> Information supplied:
══════
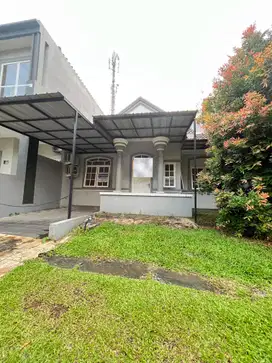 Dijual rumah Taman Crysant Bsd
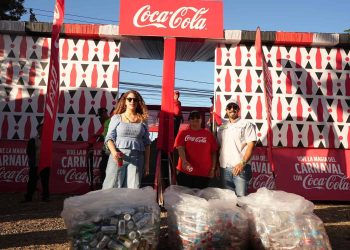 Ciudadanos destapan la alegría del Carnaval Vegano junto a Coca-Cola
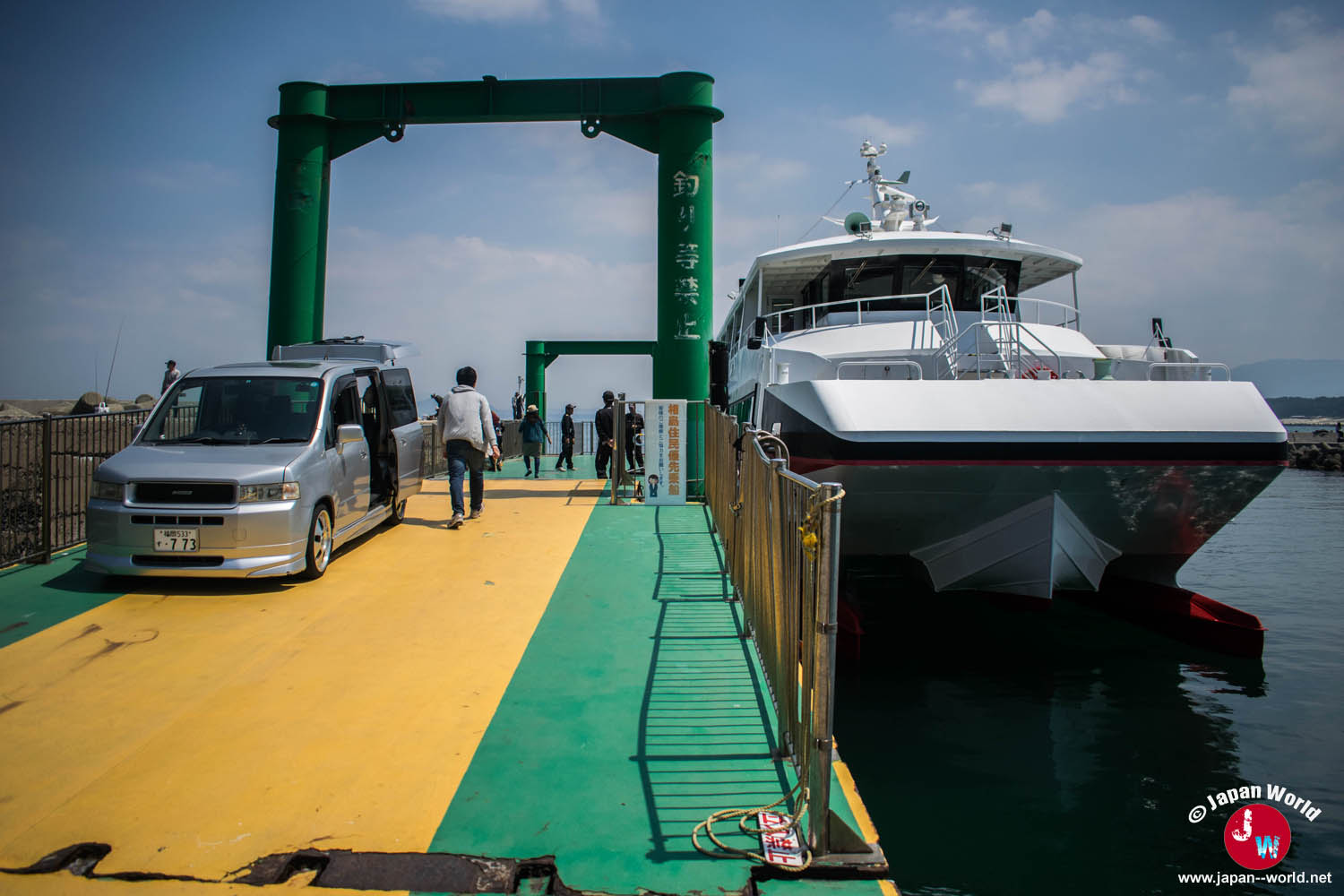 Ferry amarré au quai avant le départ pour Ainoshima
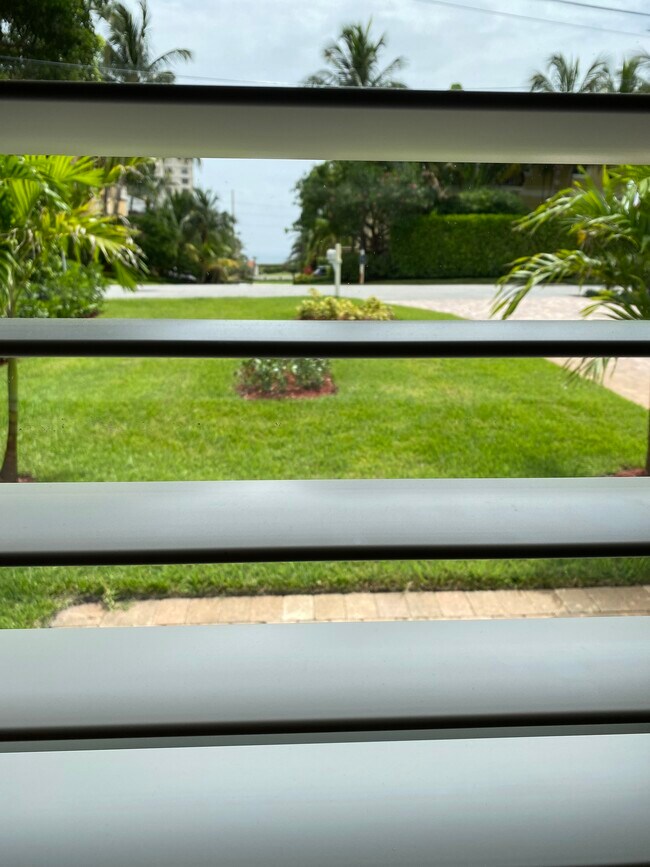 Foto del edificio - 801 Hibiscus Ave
══════
> Exercise details: Strip the images and return the remaining data exactly.

> Result below:
 Dijual rumah Taman Crysant Bsd
 Ciudadanos destapan la alegría del Carnaval Vegano junto a Coca-Cola
 Ferry amarré au quai avant le départ pour Ainoshima
 Foto del edificio - 801 Hibiscus Ave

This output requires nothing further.